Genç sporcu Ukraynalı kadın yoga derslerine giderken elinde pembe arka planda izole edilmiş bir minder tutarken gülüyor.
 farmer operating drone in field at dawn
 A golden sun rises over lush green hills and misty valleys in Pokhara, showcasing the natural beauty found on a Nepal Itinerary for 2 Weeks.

**Task instructions:**
Quote verbatim the opening lines of the listing above, ending with the line where "farmer operating drone in field at dawn" appears; include both endpoints and nothing more.

**Answer to this exercise:**
Genç sporcu Ukraynalı kadın yoga derslerine giderken elinde pembe arka planda izole edilmiş bir minder tutarken gülüyor.
 farmer operating drone in field at dawn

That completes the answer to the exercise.